Once the line with "Video youtu.be/JSDcKwnll1A" is found in the entries below, print it and each following line exactly, stopping after the line with "9201 Brink Road"; print nothing else.

Crawled caption data:
::::::

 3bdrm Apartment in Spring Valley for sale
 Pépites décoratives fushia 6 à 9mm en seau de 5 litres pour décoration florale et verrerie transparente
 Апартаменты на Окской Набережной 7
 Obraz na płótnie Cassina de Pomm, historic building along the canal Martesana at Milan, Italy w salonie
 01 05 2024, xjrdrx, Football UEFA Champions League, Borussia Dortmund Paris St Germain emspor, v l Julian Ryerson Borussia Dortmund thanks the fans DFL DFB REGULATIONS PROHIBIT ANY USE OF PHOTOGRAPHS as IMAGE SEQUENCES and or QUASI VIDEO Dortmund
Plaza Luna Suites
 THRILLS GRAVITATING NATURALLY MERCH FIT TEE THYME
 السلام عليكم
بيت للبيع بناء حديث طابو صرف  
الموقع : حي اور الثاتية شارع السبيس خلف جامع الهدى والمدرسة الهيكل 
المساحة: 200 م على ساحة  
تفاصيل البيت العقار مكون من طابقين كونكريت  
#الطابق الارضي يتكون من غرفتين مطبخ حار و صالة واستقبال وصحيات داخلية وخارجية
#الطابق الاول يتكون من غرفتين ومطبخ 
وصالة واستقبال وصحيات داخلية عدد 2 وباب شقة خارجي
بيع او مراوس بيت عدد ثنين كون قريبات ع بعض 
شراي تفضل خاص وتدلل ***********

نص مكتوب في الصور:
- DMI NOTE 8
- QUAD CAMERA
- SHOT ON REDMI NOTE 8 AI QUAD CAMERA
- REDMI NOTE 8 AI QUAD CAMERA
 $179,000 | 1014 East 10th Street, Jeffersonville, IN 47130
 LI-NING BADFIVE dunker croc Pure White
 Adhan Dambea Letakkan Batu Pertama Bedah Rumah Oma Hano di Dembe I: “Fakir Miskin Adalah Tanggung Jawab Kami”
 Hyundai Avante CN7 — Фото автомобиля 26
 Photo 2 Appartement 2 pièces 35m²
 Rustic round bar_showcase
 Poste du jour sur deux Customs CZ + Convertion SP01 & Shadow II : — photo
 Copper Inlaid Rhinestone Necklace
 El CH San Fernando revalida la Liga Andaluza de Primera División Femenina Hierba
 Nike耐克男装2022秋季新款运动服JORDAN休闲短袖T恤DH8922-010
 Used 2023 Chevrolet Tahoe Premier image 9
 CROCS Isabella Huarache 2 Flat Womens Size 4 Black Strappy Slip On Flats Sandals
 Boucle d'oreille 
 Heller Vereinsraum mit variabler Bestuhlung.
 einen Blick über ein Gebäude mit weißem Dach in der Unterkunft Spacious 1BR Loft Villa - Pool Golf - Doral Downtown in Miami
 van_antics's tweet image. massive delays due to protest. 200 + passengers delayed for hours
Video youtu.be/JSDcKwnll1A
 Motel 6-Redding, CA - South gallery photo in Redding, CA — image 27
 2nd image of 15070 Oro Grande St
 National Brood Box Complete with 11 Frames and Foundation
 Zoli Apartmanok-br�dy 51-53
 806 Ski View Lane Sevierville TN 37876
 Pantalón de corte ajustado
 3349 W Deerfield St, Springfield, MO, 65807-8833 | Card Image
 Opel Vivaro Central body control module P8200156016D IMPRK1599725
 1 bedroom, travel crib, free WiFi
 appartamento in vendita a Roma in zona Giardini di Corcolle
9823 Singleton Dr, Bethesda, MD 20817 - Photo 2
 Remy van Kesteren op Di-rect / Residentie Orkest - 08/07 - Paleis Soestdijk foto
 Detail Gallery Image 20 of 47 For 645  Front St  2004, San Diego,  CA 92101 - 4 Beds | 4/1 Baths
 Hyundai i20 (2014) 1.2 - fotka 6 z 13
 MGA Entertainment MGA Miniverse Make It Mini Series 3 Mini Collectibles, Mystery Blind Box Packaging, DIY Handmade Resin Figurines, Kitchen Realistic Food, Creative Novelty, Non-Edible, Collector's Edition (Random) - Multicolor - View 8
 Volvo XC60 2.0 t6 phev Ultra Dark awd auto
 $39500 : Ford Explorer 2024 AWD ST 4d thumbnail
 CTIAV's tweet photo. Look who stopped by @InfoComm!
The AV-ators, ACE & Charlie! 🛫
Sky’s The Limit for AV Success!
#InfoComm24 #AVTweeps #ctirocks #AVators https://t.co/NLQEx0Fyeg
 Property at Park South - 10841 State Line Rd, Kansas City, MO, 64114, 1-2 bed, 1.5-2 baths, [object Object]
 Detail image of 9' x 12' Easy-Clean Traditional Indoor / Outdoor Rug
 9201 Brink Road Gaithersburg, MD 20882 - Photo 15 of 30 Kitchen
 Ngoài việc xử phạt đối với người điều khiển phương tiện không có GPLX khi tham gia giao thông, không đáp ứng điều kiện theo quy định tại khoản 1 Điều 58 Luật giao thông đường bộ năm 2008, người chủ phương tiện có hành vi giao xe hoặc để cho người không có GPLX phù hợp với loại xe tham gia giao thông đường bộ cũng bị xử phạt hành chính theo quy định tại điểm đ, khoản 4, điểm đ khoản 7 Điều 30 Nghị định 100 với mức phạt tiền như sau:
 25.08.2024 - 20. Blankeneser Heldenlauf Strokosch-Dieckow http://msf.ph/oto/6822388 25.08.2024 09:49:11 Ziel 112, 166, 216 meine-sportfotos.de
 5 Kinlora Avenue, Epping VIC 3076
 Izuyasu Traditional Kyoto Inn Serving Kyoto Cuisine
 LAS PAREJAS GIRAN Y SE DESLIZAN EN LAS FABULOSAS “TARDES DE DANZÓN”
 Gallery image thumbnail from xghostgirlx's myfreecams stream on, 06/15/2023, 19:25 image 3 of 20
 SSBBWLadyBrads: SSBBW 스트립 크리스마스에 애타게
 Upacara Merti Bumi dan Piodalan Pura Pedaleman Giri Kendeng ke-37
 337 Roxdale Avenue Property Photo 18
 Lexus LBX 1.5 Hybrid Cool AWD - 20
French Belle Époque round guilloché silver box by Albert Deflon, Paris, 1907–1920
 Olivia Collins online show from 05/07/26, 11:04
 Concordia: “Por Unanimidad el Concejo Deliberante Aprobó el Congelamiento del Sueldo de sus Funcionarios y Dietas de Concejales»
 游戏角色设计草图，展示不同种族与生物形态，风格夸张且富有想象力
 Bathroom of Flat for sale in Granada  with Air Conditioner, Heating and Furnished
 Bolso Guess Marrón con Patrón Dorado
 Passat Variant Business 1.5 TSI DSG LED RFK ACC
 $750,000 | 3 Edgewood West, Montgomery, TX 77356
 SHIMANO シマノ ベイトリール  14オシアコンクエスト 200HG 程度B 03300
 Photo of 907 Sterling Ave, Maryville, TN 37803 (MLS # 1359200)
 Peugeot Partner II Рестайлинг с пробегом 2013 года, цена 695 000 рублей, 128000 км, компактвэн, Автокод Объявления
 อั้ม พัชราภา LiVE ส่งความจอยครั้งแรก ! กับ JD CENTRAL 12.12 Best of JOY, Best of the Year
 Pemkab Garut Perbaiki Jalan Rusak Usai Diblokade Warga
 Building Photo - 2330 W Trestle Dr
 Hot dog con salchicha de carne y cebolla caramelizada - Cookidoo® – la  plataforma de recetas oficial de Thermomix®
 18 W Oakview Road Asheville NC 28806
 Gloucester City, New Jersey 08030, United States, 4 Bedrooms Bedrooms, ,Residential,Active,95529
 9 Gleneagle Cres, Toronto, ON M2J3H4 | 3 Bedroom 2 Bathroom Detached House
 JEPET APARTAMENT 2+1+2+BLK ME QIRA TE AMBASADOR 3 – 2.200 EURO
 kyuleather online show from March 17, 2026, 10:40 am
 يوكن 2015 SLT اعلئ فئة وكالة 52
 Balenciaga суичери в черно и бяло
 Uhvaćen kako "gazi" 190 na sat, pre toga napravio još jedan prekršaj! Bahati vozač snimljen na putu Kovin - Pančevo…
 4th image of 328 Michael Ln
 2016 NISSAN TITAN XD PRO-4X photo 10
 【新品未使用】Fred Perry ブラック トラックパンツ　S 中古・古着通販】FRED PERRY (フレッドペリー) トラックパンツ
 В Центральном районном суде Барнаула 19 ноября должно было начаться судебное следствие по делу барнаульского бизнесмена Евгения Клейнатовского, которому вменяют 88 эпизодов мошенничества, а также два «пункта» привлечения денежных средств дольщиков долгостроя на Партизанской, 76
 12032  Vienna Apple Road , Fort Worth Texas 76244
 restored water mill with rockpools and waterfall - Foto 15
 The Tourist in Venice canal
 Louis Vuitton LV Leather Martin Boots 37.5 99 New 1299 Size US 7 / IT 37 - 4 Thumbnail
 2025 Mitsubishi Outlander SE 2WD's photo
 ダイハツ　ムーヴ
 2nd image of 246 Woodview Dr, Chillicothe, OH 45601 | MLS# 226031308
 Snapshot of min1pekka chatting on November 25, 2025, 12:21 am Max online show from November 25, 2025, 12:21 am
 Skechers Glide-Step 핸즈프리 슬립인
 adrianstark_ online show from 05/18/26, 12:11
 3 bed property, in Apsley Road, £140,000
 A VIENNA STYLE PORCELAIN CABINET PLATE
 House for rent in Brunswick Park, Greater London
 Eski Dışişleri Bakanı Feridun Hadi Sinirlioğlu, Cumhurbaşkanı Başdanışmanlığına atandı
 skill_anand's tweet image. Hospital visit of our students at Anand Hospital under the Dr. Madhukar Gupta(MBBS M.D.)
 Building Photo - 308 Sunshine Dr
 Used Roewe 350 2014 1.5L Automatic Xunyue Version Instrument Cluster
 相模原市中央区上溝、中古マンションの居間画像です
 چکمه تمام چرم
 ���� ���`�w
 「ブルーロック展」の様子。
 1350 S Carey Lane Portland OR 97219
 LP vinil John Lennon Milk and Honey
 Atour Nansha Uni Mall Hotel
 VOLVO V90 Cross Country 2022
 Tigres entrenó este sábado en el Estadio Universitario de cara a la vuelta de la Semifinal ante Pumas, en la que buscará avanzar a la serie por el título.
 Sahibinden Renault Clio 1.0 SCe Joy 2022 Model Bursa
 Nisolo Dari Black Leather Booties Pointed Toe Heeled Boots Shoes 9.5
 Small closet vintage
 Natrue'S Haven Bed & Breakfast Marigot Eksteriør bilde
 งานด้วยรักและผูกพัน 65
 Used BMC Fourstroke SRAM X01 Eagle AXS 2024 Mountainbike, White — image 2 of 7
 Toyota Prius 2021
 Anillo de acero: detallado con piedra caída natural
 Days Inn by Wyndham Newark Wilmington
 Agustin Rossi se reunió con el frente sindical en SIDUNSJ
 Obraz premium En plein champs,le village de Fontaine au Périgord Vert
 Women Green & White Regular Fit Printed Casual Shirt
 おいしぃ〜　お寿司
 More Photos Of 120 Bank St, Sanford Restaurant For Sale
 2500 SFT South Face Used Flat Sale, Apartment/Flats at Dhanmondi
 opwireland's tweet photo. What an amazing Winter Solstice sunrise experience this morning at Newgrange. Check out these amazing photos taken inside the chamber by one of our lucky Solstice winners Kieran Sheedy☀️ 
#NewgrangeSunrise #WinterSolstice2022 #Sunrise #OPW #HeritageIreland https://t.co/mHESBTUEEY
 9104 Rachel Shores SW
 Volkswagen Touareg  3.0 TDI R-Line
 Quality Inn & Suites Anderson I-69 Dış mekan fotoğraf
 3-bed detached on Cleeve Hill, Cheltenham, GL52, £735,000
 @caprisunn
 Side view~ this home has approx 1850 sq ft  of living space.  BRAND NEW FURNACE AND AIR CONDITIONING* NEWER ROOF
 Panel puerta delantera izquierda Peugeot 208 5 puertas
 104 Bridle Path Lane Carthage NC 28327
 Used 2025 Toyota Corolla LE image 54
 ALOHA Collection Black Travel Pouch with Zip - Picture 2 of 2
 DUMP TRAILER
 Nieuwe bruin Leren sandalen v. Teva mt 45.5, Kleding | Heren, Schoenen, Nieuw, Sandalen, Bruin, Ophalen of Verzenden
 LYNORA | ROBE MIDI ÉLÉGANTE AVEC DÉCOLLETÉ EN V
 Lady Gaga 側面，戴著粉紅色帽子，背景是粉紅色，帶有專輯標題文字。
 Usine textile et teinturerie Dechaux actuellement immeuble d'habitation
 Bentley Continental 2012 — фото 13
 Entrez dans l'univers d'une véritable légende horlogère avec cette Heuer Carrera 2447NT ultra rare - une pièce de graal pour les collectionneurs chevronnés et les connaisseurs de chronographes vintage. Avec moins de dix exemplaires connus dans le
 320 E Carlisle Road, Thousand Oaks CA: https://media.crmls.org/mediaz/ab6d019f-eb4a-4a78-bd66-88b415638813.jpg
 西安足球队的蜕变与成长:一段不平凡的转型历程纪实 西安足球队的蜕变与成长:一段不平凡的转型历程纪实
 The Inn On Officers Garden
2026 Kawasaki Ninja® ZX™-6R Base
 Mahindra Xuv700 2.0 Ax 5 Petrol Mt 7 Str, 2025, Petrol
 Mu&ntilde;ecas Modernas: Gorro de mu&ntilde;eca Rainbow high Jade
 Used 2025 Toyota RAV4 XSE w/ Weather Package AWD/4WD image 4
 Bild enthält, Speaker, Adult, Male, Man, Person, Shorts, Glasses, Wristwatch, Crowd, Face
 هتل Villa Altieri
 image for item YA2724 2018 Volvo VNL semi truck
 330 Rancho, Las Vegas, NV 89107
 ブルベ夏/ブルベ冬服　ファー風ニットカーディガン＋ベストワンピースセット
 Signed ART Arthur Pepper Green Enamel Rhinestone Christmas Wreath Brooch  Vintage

::::::

■ **Output of the task**
Video youtu.be/JSDcKwnll1A
 Motel 6-Redding, CA - South gallery photo in Redding, CA — image 27
 2nd image of 15070 Oro Grande St
 National Brood Box Complete with 11 Frames and Foundation
 Zoli Apartmanok-br�dy 51-53
 806 Ski View Lane Sevierville TN 37876
 Pantalón de corte ajustado
 3349 W Deerfield St, Springfield, MO, 65807-8833 | Card Image
 Opel Vivaro Central body control module P8200156016D IMPRK1599725
 1 bedroom, travel crib, free WiFi
 appartamento in vendita a Roma in zona Giardini di Corcolle
9823 Singleton Dr, Bethesda, MD 20817 - Photo 2
 Remy van Kesteren op Di-rect / Residentie Orkest - 08/07 - Paleis Soestdijk foto
 Detail Gallery Image 20 of 47 For 645  Front St  2004, San Diego,  CA 92101 - 4 Beds | 4/1 Baths
 Hyundai i20 (2014) 1.2 - fotka 6 z 13
 MGA Entertainment MGA Miniverse Make It Mini Series 3 Mini Collectibles, Mystery Blind Box Packaging, DIY Handmade Resin Figurines, Kitchen Realistic Food, Creative Novelty, Non-Edible, Collector's Edition (Random) - Multicolor - View 8
 Volvo XC60 2.0 t6 phev Ultra Dark awd auto
 $39500 : Ford Explorer 2024 AWD ST 4d thumbnail
 CTIAV's tweet photo. Look who stopped by @InfoComm!
The AV-ators, ACE & Charlie! 🛫
Sky’s The Limit for AV Success!
#InfoComm24 #AVTweeps #ctirocks #AVators https://t.co/NLQEx0Fyeg
 Property at Park South - 10841 State Line Rd, Kansas City, MO, 64114, 1-2 bed, 1.5-2 baths, [object Object]
 Detail image of 9' x 12' Easy-Clean Traditional Indoor / Outdoor Rug
 9201 Brink Road Gaithersburg, MD 20882 - Photo 15 of 30 Kitchen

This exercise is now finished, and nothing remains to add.